== Exercise objective ==
Please give the whole listing again exactly, without any of its pictures.
+++ Dataset content
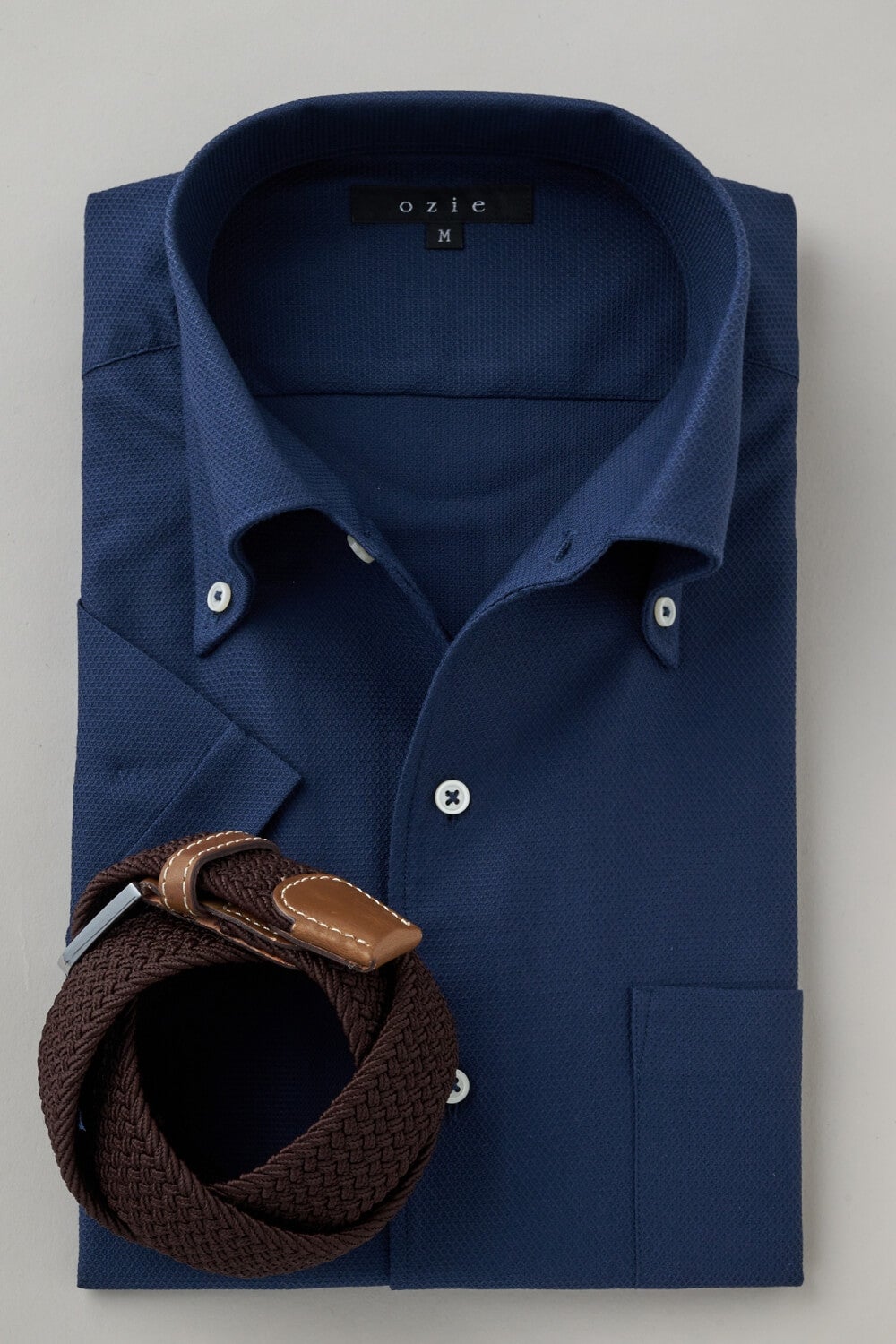 ワイシャツ・カッターシャツ・半袖 8051SS-X04G-NAVY-コーディネート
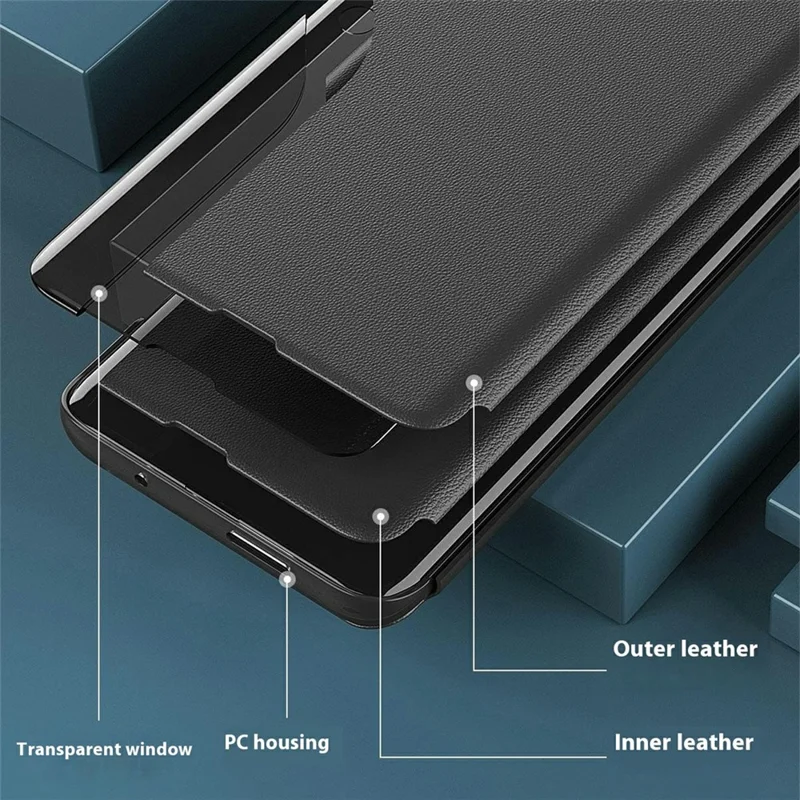 For Samsung Galaxy A36 5G Case Stand Full Protection Leather Phone Cover - Black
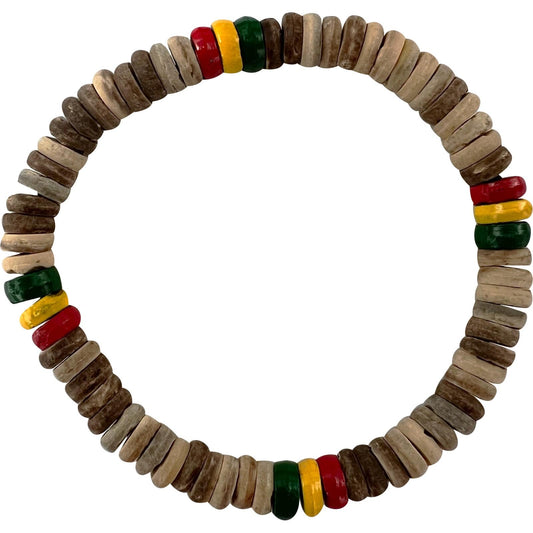 Wooden Bead Bracelet Wristband Bangle Mens Womens Handmade Wood Rasta Jewellery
++++++
== Solution ==
 ワイシャツ・カッターシャツ・半袖 8051SS-X04G-NAVY-コーディネート
 For Samsung Galaxy A36 5G Case Stand Full Protection Leather Phone Cover - Black
 Wooden Bead Bracelet Wristband Bangle Mens Womens Handmade Wood Rasta Jewellery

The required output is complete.